Hydronic Balancing Part 10: Proportionate Balancing with Flow Limiter

By Chad Edmondson

Flow limiting valve, also known as a automatic balancing valve (ABV)

Flow limiting valve, also known as a automatic balancing valve (ABV)

If you’ve read Parts 1 thru 9 in this Hydronic Balancing Series then you should have a solid understanding of the fundamentals of balancing.  If not – go back and review the previous blogs.  You need these fundamentals to understand what we will discuss here in Part 10, which is balancing using automatic balancing valves (ABVs). If you have read the previous blogs — good news — this is going to be a cakewalk!

First, let’s be clear what type of device we are talking about when we say ABVs, or as we prefer to call them, flow limiters.

Flow limiters include a spring-loaded cartridge, which moves back and forth depending on the amount of differential pressure through the valve. This movement inside the valve changes the size of the orifices inside the valve, which in turn allows more or less water to pass through.  In effect, the valve is continuously stabilizing the flow based differential pressure. These valves are specified to operate under a specific differential range, and therefore it is imperative that the system always sees a specific minimum pressure. Otherwise, there is no movement inside the valve--and no control.

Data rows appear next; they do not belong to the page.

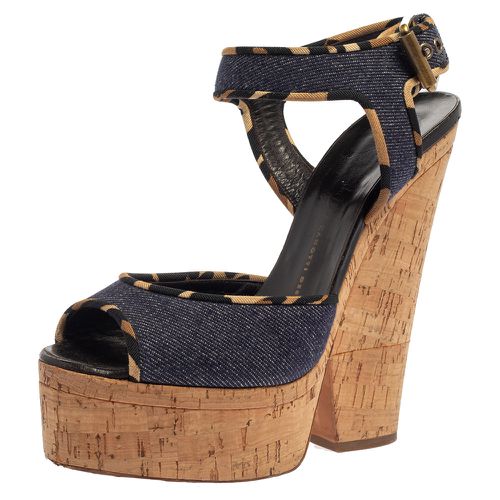 Giuseppe Zanotti Dark Wash Denim Cork Heel Platform Wedge Sandals Size 39 - Giuseppe Zanotti - Modalova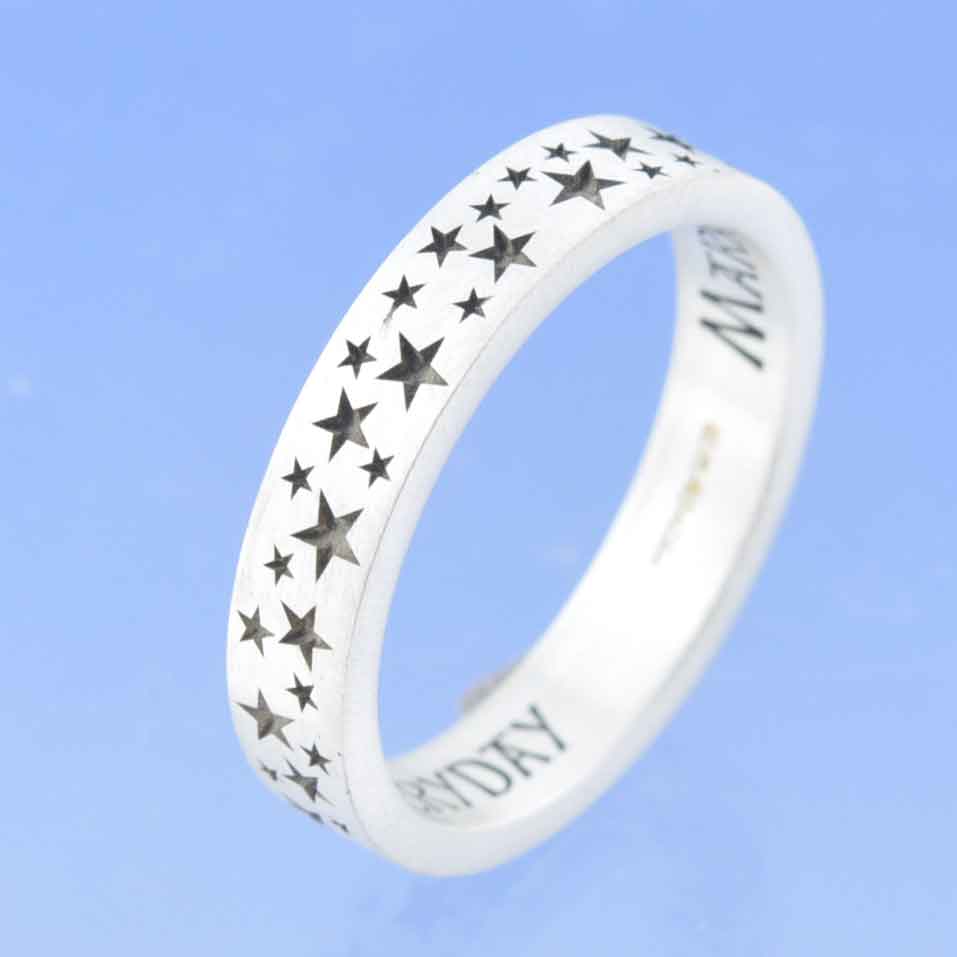 Star Burst  4mm Personalised Flat Ring Ring by Chris Parry Jewellery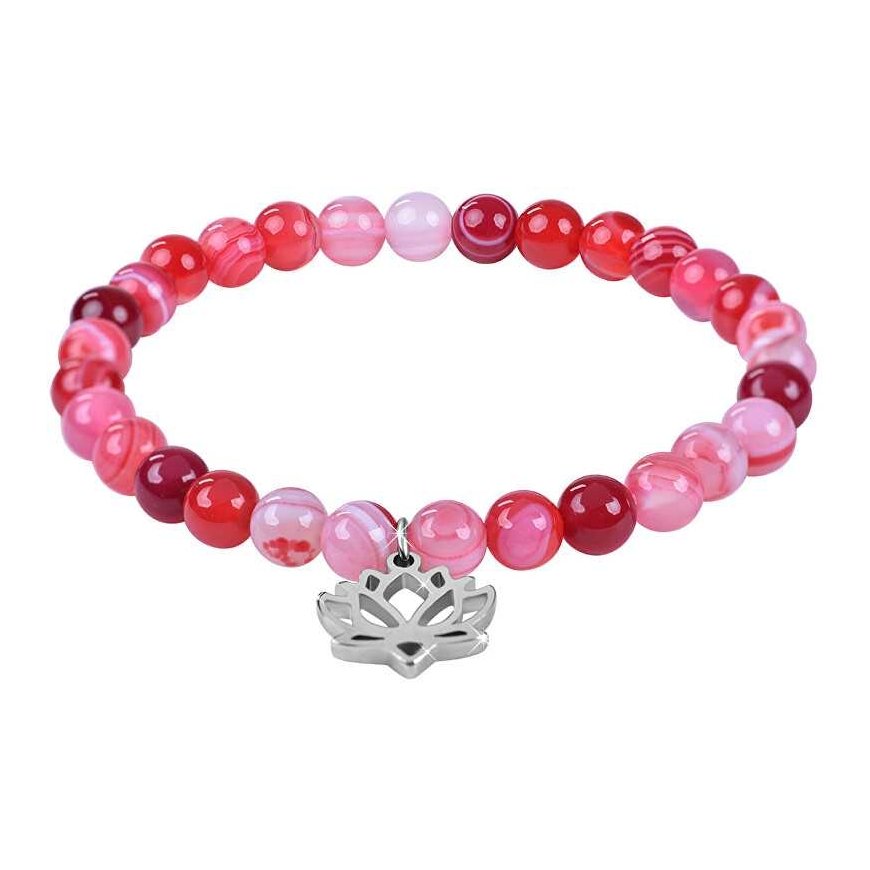 Bracelet decorated with Rose Quartz beads and a lotus flower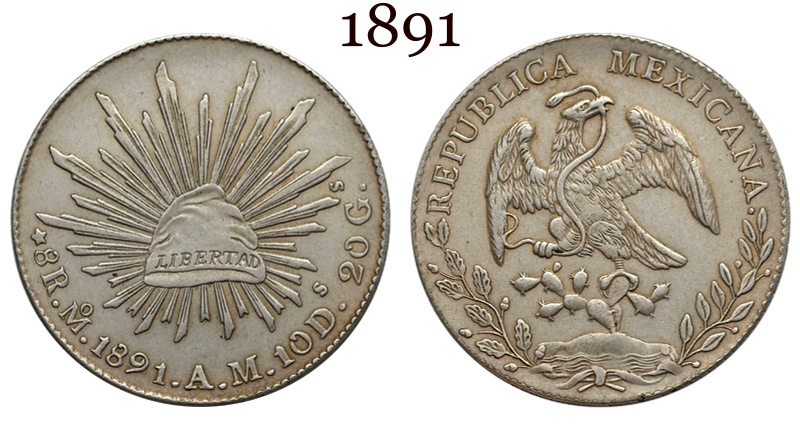 Mexico 1875 1881 1882 1887 1889 1891 1892 1893 1894 8 Reales Eagle With Snake Silver Plated Replica Coin Commemorative Medal,Historical Collectible Art Craft For Enthusiasts
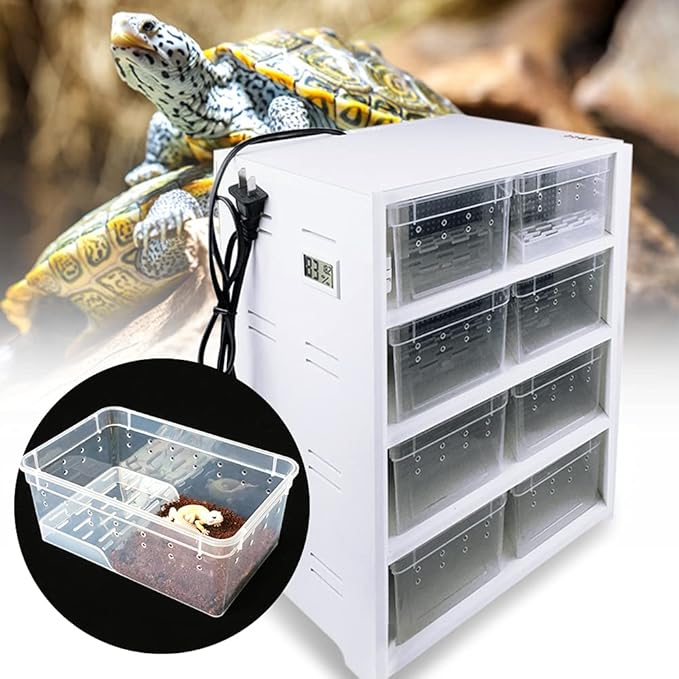 8-Grid Acrylic Pet Breeding Box,Large Reptile Enclosure with Hygrometer&Heating Pad,Lizard Spider Snake Tortoise Cage Pet Snake Terrarium Tank Multipurpose Multipurpose Feeding Box,White.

That is why we like to refer to these valves as flow limiters, and not necessarily automatic balancing devices.

The following images and graphs illustrate what occurs inside a flow limiting valve when it is operating below, within, and above its control range:

Flow limiting valve when it is operating below its control range.
Flow limiting valve when it is operating within its control range.
Flow limiting valve when it is operating above its control range.

Check Your Critical Zone!

Flow limiters are great devices and eliminate most of the work associated with proportionately balancing a hydronic system.  However, that doesn’t mean you can install them and assume everything will operate as planned.  As we’ve said before, piping systems rarely go in exactly as planned.  That’s why it is imperative that you check the flows through each zone, and (most important) confirm that the pressure drop through the critical zone is no greater than what is required to make the valve operate.

If the pressure drop through the critical zone is significantly beyond the minimum, then either the pump impeller should be trimmed or variable speed drives should be employed to reduce flow.